If you are someone who never follows a budget or watches expenses, you might want to start. Begin thinking about achieving the goal of saving; in other words, bear in mind small things can add up.
For instance, cutting back on daily visits to the coffee shop or taking public transportation to work instead of driving a few days a week can make a world of difference, the website suggests.
Launch Short-Term Saving Goals
If you imagine yourself in a fabulous home post-retirement, good for you, but dreaming may not get you going today. To stay motivated, break your long-term saving goals into short-term goals. These can be weekly goals. Set aside a little bit here and there when possible if it doesn’t interrupt or really affect your day-to-day life.
Hence, saving on the daily coffee habit and making your own cup of Joe at home, or carpooling with colleagues. Starting the process early and saving small amounts steadily helps in the overall scheme of things and toward your long-term goals.
You can have daily saving goals, too, as this will help keep you pushing forward toward the longer-term goal. For instance, savings accounts, certificates of deposits, money market deposit accounts and Treasury bills are good short-term money-saving instruments. A savings account is particularly useful as an emergency fund keeper, the website suggests.
Save on Dreaded Taxes
If you are employed and your employer offers a 401(k) tax-deferred savings plan, opt in. The amount you contribute to the plan and the earnings on it are tax-free until you withdraw the money for retirement. The percentage you contribute also reduces your taxable income by the same percentage. If your employer does not offer a 401(k) plan, then consider opening an individual retirement account (IRA). Earnings in an IRA account are also tax-deferred. To enroll in either, fill out a simple form and contribute. This is a structured way to save, where the interest is compounded, with a tax savings, the website suggests.
Reduce the Interest Burden
Prioritizing debt and reducing it is a critical step to saving. Check out your loans and see how long it will take you to pay them off. If you have savings or fixed deposits, you can liquidate some to reduce your debt burden. If you get a bonus or a dividend, why not prepay a part of your mortgage to reduce the interest burden? As for credit card debt, talk to the credit card company and negotiate a lower interest rate if possible. Some companies may offer to take on other credit card company loans at a lower interest in the pursuit of reaping new customers. If you need to take out a loan, shop around and choose to borrow money with the lowest interest rates, the website suggests.
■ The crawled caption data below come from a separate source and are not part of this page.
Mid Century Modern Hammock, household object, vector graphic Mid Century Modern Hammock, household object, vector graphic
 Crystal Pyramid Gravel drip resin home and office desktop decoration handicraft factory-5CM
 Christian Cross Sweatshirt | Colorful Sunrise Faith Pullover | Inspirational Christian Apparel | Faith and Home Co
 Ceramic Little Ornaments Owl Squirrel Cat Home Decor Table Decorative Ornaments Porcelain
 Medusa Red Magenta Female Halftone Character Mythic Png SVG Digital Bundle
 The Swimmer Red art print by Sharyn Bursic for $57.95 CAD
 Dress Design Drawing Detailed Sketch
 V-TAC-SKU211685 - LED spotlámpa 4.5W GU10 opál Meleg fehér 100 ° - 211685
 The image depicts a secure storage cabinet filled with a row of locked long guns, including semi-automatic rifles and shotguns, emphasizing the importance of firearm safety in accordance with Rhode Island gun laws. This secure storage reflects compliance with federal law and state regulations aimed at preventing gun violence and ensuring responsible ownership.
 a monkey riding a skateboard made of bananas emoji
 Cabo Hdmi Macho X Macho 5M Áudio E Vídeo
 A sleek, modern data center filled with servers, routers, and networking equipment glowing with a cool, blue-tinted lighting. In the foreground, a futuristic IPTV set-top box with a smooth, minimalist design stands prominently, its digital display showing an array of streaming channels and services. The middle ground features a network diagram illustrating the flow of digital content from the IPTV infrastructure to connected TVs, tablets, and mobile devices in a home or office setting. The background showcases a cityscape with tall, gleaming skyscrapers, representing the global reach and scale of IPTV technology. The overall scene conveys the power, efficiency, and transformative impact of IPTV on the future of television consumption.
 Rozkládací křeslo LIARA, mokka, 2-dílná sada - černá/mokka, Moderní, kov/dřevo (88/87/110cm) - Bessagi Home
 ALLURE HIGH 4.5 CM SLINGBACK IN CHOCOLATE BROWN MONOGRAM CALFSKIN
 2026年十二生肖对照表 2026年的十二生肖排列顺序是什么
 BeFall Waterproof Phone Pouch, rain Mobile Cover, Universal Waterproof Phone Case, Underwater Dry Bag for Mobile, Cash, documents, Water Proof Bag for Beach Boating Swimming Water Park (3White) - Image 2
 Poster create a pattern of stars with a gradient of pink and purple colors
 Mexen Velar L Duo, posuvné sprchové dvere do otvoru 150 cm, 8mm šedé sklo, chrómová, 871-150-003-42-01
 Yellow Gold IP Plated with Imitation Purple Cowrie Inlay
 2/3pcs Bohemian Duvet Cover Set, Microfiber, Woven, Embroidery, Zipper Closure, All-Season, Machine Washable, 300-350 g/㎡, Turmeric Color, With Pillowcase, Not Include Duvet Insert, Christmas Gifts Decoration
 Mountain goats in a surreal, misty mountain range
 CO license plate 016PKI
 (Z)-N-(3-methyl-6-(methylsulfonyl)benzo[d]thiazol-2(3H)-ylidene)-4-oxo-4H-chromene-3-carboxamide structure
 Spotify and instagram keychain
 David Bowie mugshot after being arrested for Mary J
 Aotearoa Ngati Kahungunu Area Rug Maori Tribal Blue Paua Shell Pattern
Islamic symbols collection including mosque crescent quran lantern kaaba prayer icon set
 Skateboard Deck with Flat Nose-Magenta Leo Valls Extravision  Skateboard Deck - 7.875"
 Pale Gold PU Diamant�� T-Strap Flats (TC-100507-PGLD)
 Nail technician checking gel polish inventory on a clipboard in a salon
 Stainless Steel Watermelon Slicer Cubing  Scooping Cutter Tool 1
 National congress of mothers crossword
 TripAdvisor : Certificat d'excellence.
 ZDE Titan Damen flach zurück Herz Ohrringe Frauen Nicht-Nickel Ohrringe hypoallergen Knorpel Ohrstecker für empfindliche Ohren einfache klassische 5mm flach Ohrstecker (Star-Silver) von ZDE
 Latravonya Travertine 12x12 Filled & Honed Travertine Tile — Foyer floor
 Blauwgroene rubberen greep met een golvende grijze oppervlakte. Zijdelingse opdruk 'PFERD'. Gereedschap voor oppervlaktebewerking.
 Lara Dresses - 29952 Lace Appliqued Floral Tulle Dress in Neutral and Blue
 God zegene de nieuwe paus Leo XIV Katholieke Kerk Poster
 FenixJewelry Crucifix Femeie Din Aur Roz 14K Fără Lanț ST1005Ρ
Taking Advantage of Employee Benefits
See if your employer can be your partner in your savings goal. Some employers offer a company match – meaning it contributes – to the 401(k) plans offered. Contribute to this fund as much as possible. Check out other benefits your employer may provide, such as special discounts at stores, or health club memberships, or even health savings accounts. Also, see if your employer helps with any going “back-to-school” programs, and take advantage of the opportunity, the website suggests.
Seek Out Additional Income
Generating revenue outside of your daily job may also help you reach your long-term goals/or dream a lot faster. Do you have a hobby or service you can teach for money to others? Don’t let any of your skills or talents go to waste.
There are always ways to keep your own costs down such as eating out less, walking short distances rather than taking the car; buying groceries in bulk versus visiting the grocery store to often; giving up smoking and other expensive habits; taking lunch to work; recycling and reusing items as much as possible; using alternative energy to light and heat your home; and giving away or selling whatever old clothing, or household items you don’t use, the website suggests.
In the end, there are many ways of saving if you just look around. Before you know it, the extra money you are pocketing will add up and you will make your long-range goal (s) or dream.